Foto: © Henning Ross Fotografie

Dem noch jungen Pianisten Alexander Krichel hat der frühere Intendant des Beethovenfests, Franz Willnauer, einen hübschen Lorbeerkranz geflochten. Über vier bedruckte Programmheftseiten porträtiert er den 1989 in Hamburg geborenen Musiker, wobei kein Superlativ zu hoch gegriffen scheint. „So treten Sieger auf“, schreibt er über den jungen Musiker, den er für das größte deutsche Klaviertalent in der Generation der 20-30-Jährigen hält. Am Dienstagabend war Krichel auf Einladung des Beethovenfests im Kammermusiksaal des Beethoven-Hauses zu Gast, wo er vor ausverkaufter Kulisse in der Tat einen bemerkenswerten Klavierabend gab – mit einem eigentlich ganz unspektakulären Beginn: Als Einstieg hatte er die Klaviersonate in A-Dur D 644 des 22-jährigen Franz Schubert ausgewählt.

In dieser Sonate ist alles Gesang, was Krichel im ersten Satz mit seinem entspannt kantablen Spiel äußerst gefühlvoll hörbar machte. Vollends gefangen aber nahm der langsame Satz, in dem der junge Schubert auf unvergleichliche Weise einer romantisch-melancholischen Sehnsucht Ausdruck verleiht, die Krichel herzergreifend auszudeuten verstand. Dass er Melodien am Klavier zu „singen“ versteht, zeigte der Pianist auch in der Liszt'schen Liedbearbeitung von Schuberts „Ständchen“ (Leise flehen meine Lieder). In Liszts Soloklavier-Arrangement des Schubert'schen „Erlkönig“ ist weniger der Sänger als der Virtuose gefragt, der die grausige Szene aus Goethes Ballade mit allen Mitteln der Klavierkunst vor dem inneren Auge des Hörers entstehen lässt. Das gelang Krichel mit rasenden Oktavrepetitionen und einer dynamischen Steigerung ganz ausgezeichnet. Schubert schrieb seinen „Erlkönig“ im Jahre 1815 mit 18 Jahren. Ein Jahr bevor Ludwig van Beethoven seinen Liederzyklus „An die ferne Geliebte“ beendete, der ebenfalls in einer Klavierfassung von Liszt auf dem Programm stand. In seiner Interpretation achtete Krichel penibel darauf, in diesen „Liedern ohne Worte“ Beethoven und Liszt immer in der Balance zu halten.

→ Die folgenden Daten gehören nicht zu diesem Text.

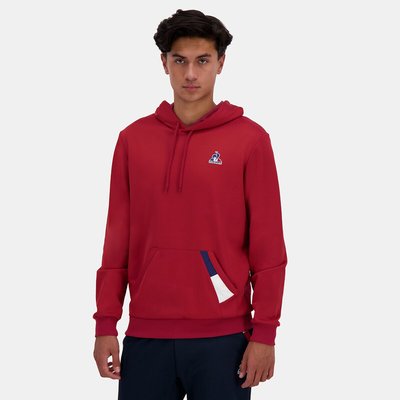 Tricolour Hoodie LE COQ SPORTIF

„Es gab noch kein Stück, das ich technisch nicht spielen konnte“, hat Krichel mal in einem Interview gesagt. Und wenn man hört, wie er am Ende des Klavierabends Maurice Ravels „Gaspard de la nuit“ spielte, glaubt man ihm aufs Wort. In seiner kleinen Einführung hob er selbst die immense technische Anforderungen des Werks hervor. Ein Blick in die Noten lässt jeden Amateur-Pianisten und auch viele Profis vor Ehrfurcht erblassen. Krichel aber spielte nicht nur den oft auf drei Systeme verteilten Notentext technisch blitzsauber und souverän, sondern evozierte am Klavier auch wirkungsvoll die schaurigen Szenen, die Aloyius Bertrand in seinen Gedichtvorlagen beschreibt. Sowohl die virtuosen Wasserspiele aus „Ondine“ als auch das permanent vor den Ohren des Hörers baumelnde „Memento mori“ in „Le gibet“ (Der Galgen), eine schwarze Meditation über einen Ton mit komplexen Akkordfolgen im dreifachen Pianissimo. Den Kobold „Scarbo“ schließlich, den Ravel mit rhythmischen Eruptionen, Akkordtrillern und wilden Sprüngen zeichnet, ließ Krichel pianistisch perfekt und überaus plastisch erstehen. Dem begeisterten Applaus ließ er zwei Zugaben folgen, Ravels „Une barque sur l'océan“ und die hübsche Eigenkomposition „Lullaby“.